There are infinitely many prime-pairs $(p, p + 2)$.

It is indeed reasonable to conjecture more. The numbers $p,$ $p + 2,$ $p + 4$ cannot all be prime, since one of them must be divisible by $3$; but there is no obvious reason why $p,$ $p + 2,$ $p + 6$ should not all be prime, and the evidence indicates that such prime-triplets also persist indefinitely. Similarly, it appears that triplets $(p,$ $p + 4,$ $p + 6)$ persist indefinitely. We are therefore led to the conjecture

There are infinitely many prime-triplets of the types $(p,$ $p + 2,$ $p + 6)$ and $(p,$ $p + 4,$ $p + 6)$.

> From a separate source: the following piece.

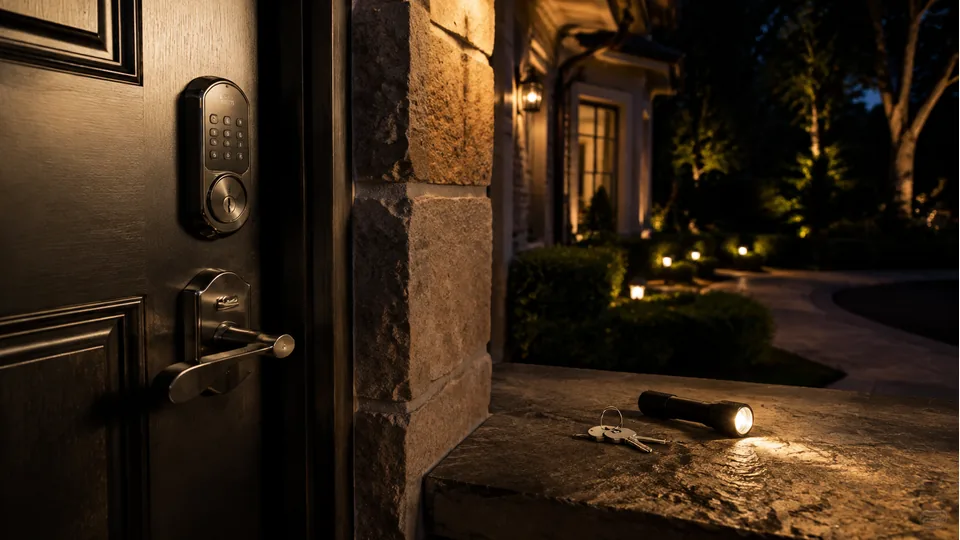 Editorial image of secure entry hardware for 24-hour emergency locksmith guidance in Atherton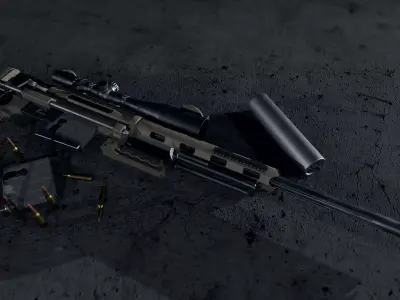 CheyTac M200 Intervention Low-poly 3D model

Such conjectures, with larger sets of primes, may be multiplied, but their proof or disproof is at present beyond the resources of mathematics.

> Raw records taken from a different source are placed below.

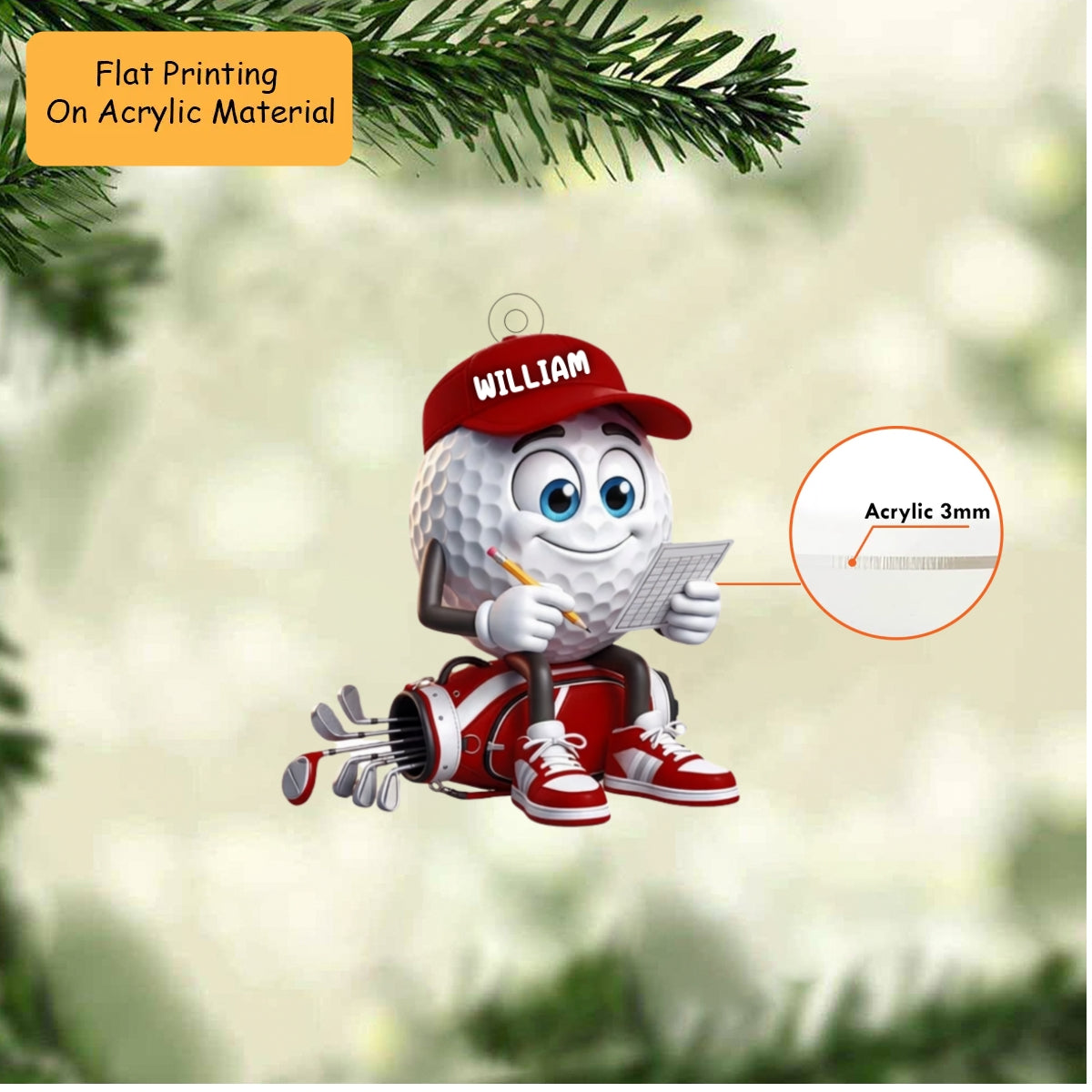 Personalized Christmas Golf Ornament, Golf Note Christmas, Custom Ornament Christmas Gift, Keychain Golf Christmas, Car Ornament Golf Christmas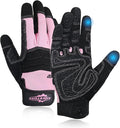 Women's Work Gloves with Grip, Flexible Breathable Yard Gloves - Pink Medium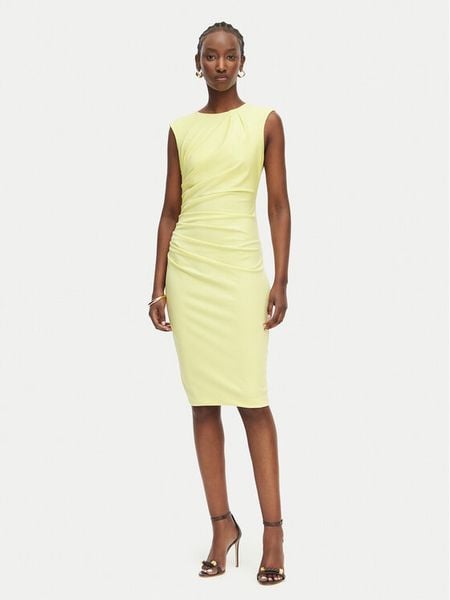 Rinascimento Sukienka koktajlowa CFC0127683003 Żółty jasny Slim Fit. Żółte kombinezony Rinascimento, m, bez wzorów, wizytowe, bez kołnierzyka, bez ramiączek. Za 449,99 zł.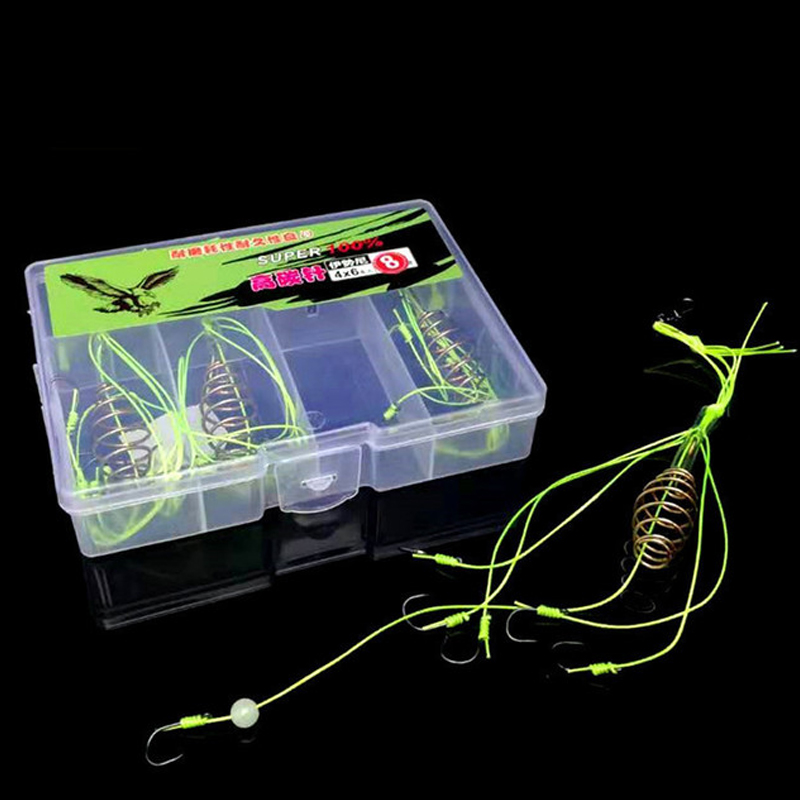 High carbon fishing hook fishing feeder Bomb Proof Hanging Explosion Hook Fish Bait Plastic box pack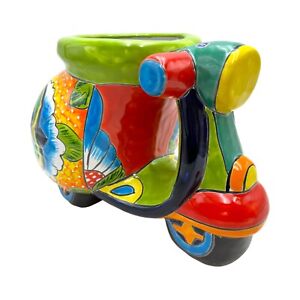 New ListingTalavera Motor Bike Planter Cute Pot Mexican Pottery Garden Flower Vase 12.5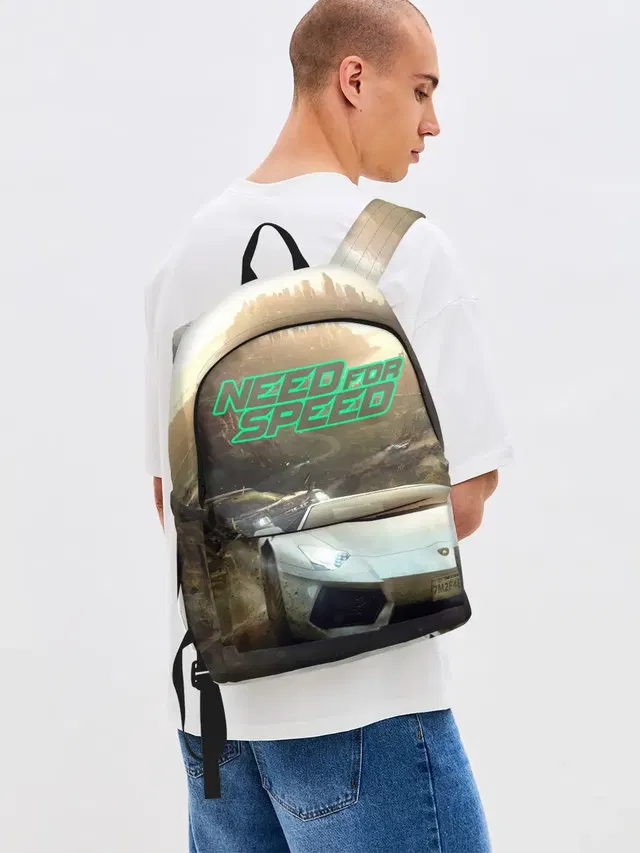 Джинсовый рюкзак с принтом «Lamborghini Aventador — Need for Speed»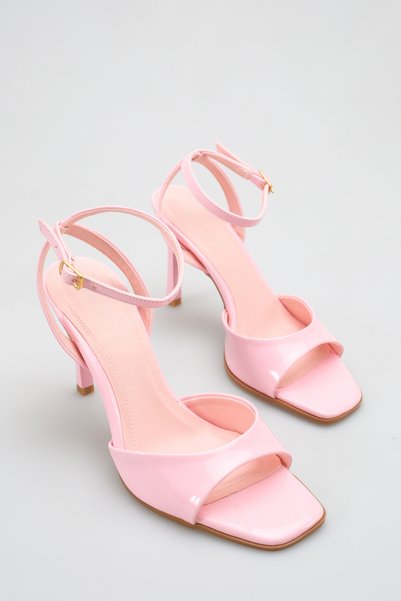 TOPUK Maddy Pink Patent Leather Ankle Strap High Heel Shoes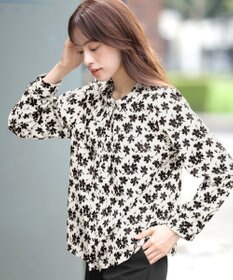 Tiaclasse L 【新色追加・洗える】バンドカラー2WAYタックブラウス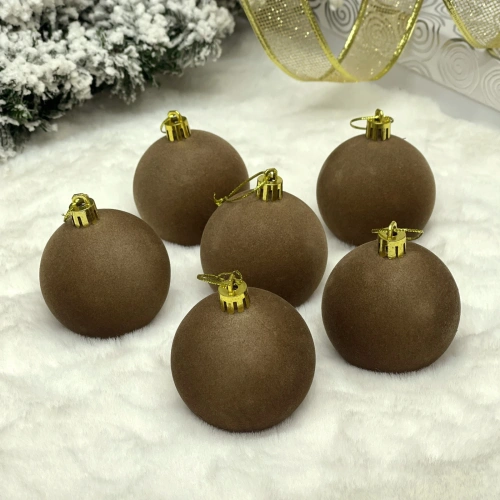 Набор шаров VELOUR "Нежный бархат" 6 см (набор 6 шт), Кофейный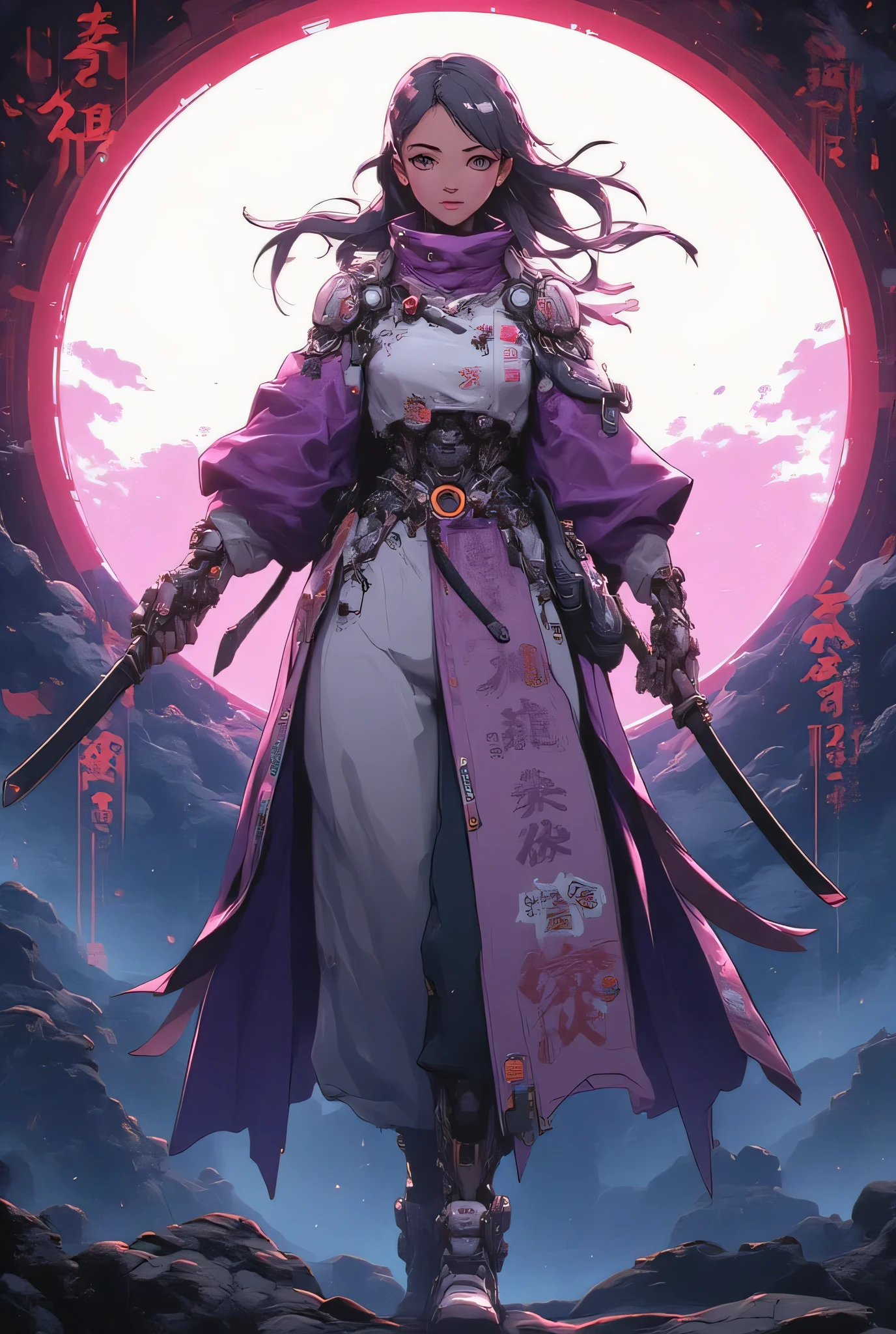 ((Anime art style illustration ) of ( Perfect of Asian Cyberpunk Girl ))), ((( Wears extremely fine and intricate cyberpunk samurai armor))), (( LED lights )), ( Invisible of Long Hair ), Perfect of Characteristics , ((((Full image) dynamic pose on mountains))), (((Starship interior))), Abstract Beauty , Almost perfect, Pure Form, Concept map, Intricate of details, 8K Post-production, high resolution , Super Detailed , Art Studio Trends , sharp focus , Studio photos, Intricate of details, Very Detailed.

One important thing to notice here is that, unlike the mentioned articles above, Hardy didn't say that, prime-triplets must have the form $(p,$ $p + 2,$ $p + 6)$ or $(p,$ $p + 4,$ $p + 6)$. But as far as I know, he also didn't say that, $(p,$ $p + 2,$ $p + 4)$ is also a type of prime triplet or prime triple, did he?

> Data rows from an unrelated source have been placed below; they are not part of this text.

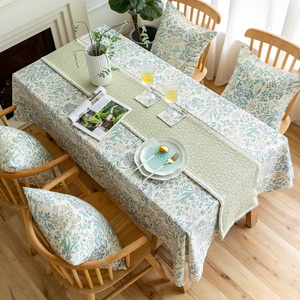 桌布布艺田园清新餐桌布家用长方形棉麻轻奢高级感餐厅茶几布台布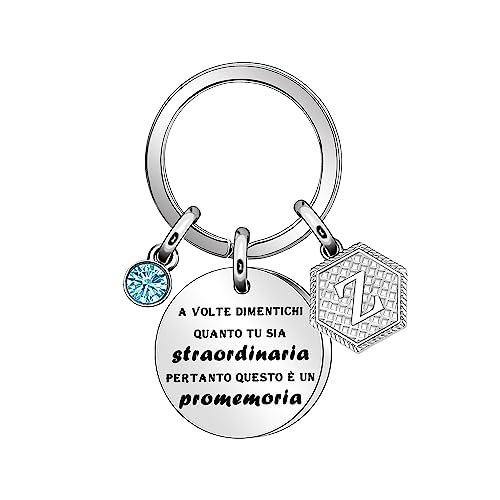 Ispirativo regalo portachiavi, argento A-Z 26 lettera iniziale ciondolo portachiavi a volte dimenticati quanto tu sia straordinaria pertanto questo è un promemoria Per Figlia Sorella Amici Mamma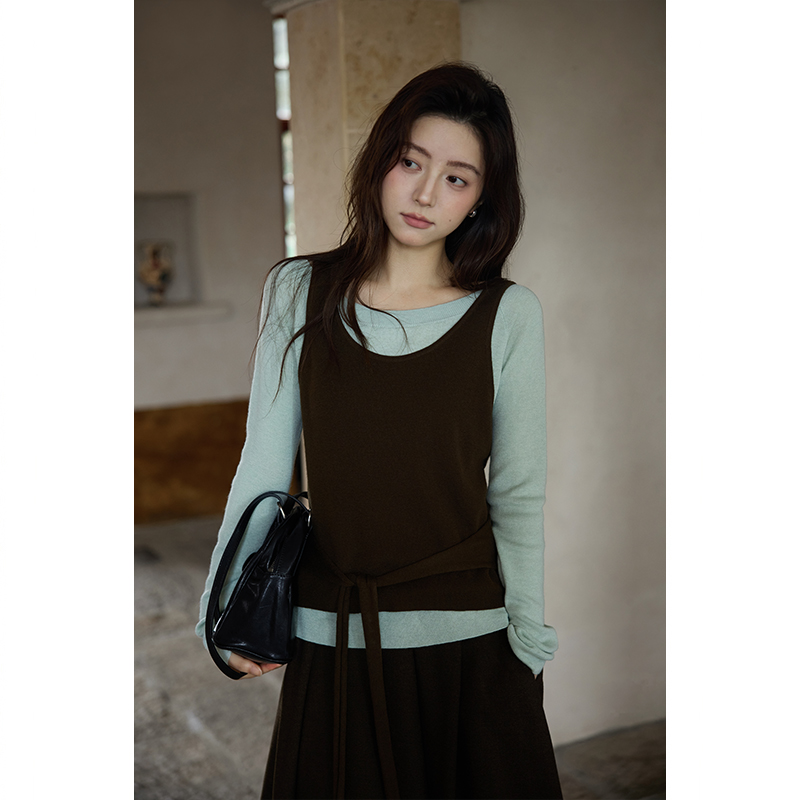 夕蒙2025新款秋韩系时尚洋气上衣修身小众氛围感独特假两件针织衫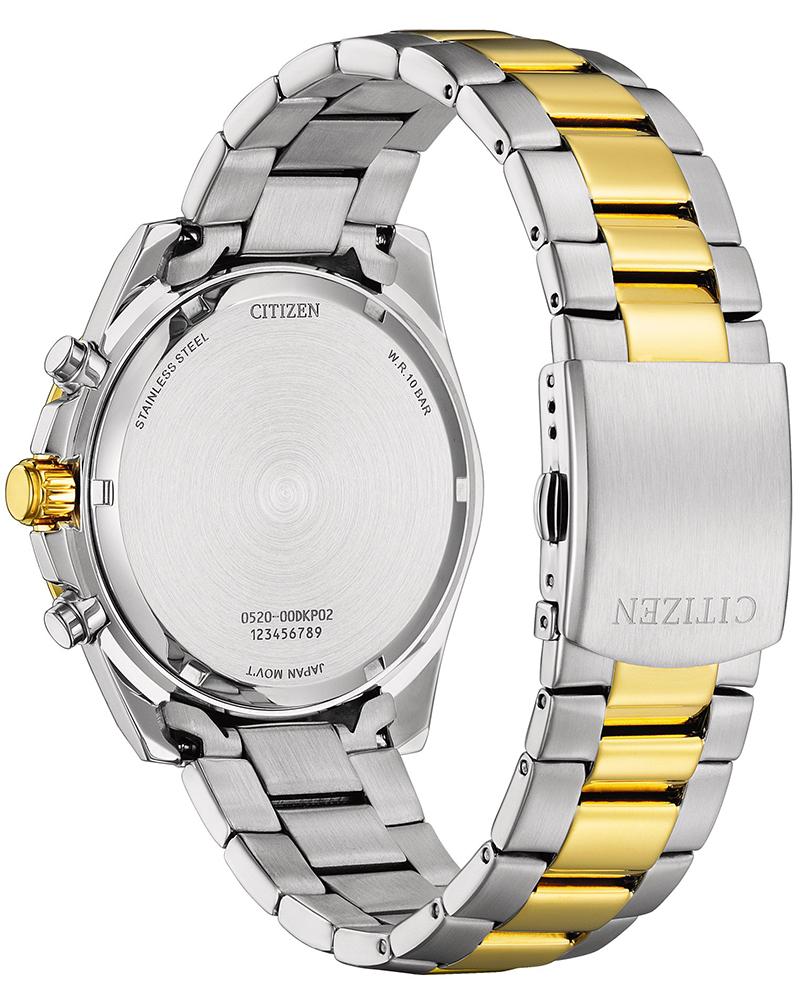 Citizen AN8234-58X Quartz Chronograph Green Dial with Two-Tone Stainless Steel Watch for Men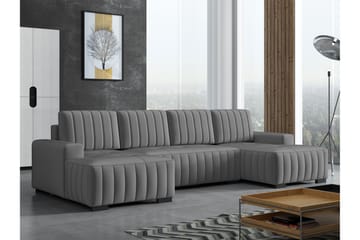 Esher Bäddsoffa Dubbeldivan 4-sits i Plysch - Mörkgrå - Möbler - Soffa - Bäddsoffa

But I have seen a couple of Mathematics Stack Exchange questions (for instance, MSEQ-2055623, MSEQ-549458, MSEQ-1653536, etc.), where the statements are like this:

there are no prime triplet other than $3,$ $5,$ $7$ .

There are some variations also. For example, the statement on the first quotation of the MSEQ-522585:

the only prime triple $p,$ $p + 2,$ $p + 4$ is the triple $3,$ $5,$ $7$.

In a nutshell, I am confused about the definition of Prime Triplet and Prime Triple. Any genuine reference(s) or citation(s) would be appreciated.

Answer 1

The crucial condition to create interesting entries for tuples is that there is no forced prime factor of one of the entries. A tuple satisfying this criterion is called "admissable".

$(p,p+2,p+4)$ is not admissable since one of the numbers must be divisible by $3$ , but $(p,p+2,p+6)$ is admissable since there is no prime necessarily dividing one of the entries. The difference between the largest and smallest entry is called the diameter.

If no element can be added within the original span of the tuple without destroying the admissibility , then the tuple is called a prime constellation. So, $(p,p+6)$ is no prime constellation because we can either add $p+2$ or $p+4$ (but not both).

The conjecture is now that every admissable tuple produces infinite many prime tuples and every prime constellation therefore produces infinite many so-called "prime-clusters". This is a special case of the Schinzel hypothesis.